— THE PROBLEM —
Set down, character for character, everything in the records below from the line holding "Building Photo - 1118 Ardmore Ave SW" down to the line holding "00-04 TOYOTA RAV4", and no other line.

— GIVEN DATA —
═══

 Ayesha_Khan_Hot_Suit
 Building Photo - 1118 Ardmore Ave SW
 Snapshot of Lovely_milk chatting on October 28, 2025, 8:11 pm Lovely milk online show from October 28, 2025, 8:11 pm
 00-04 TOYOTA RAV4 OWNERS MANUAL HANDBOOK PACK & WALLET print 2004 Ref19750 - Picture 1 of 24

═══

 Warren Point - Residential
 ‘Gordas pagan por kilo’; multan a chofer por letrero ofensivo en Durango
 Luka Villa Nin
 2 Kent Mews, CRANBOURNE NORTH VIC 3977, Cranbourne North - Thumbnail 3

═══

— SOLUTION —
 Building Photo - 1118 Ardmore Ave SW
 Snapshot of Lovely_milk chatting on October 28, 2025, 8:11 pm Lovely milk online show from October 28, 2025, 8:11 pm
 00-04 TOYOTA RAV4 OWNERS MANUAL HANDBOOK PACK & WALLET print 2004 Ref19750 - Picture 1 of 24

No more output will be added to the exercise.